#### [Work task]
Please take the records that follow and repeat exactly the lines starting with the line with "2018 CHEVROLET VOLT LT - 1G1RA6S5XJU155528" and going on through the line with "Le projet de".

Caption-style text data:
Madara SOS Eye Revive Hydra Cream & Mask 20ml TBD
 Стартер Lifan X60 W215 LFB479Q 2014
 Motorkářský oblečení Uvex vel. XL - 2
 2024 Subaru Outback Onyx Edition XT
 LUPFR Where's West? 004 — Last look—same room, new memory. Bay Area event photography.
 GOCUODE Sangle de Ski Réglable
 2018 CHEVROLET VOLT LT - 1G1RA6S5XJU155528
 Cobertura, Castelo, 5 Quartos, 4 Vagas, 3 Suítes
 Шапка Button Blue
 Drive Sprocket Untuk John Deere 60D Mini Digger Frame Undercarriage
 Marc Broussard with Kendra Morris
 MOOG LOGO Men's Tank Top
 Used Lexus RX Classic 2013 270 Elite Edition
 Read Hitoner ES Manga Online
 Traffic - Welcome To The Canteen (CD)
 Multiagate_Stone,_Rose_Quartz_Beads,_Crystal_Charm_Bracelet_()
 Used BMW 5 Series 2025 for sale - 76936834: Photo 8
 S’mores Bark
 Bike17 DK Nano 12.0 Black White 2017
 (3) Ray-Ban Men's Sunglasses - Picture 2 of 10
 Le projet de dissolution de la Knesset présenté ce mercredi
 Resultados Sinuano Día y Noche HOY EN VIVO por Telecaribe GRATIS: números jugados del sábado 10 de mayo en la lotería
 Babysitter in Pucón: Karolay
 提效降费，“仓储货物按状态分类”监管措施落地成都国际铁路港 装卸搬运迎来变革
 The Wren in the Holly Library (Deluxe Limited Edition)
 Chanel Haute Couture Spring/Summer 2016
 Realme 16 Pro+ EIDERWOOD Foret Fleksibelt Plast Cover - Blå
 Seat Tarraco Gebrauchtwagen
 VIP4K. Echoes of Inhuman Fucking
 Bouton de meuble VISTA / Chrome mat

#### [Output of the task]
 2018 CHEVROLET VOLT LT - 1G1RA6S5XJU155528
 Cobertura, Castelo, 5 Quartos, 4 Vagas, 3 Suítes
 Шапка Button Blue
 Drive Sprocket Untuk John Deere 60D Mini Digger Frame Undercarriage
 Marc Broussard with Kendra Morris
 MOOG LOGO Men's Tank Top
 Used Lexus RX Classic 2013 270 Elite Edition
 Read Hitoner ES Manga Online
 Traffic - Welcome To The Canteen (CD)
 Multiagate_Stone,_Rose_Quartz_Beads,_Crystal_Charm_Bracelet_()
 Used BMW 5 Series 2025 for sale - 76936834: Photo 8
 S’mores Bark
 Bike17 DK Nano 12.0 Black White 2017
 (3) Ray-Ban Men's Sunglasses - Picture 2 of 10
 Le projet de dissolution de la Knesset présenté ce mercredi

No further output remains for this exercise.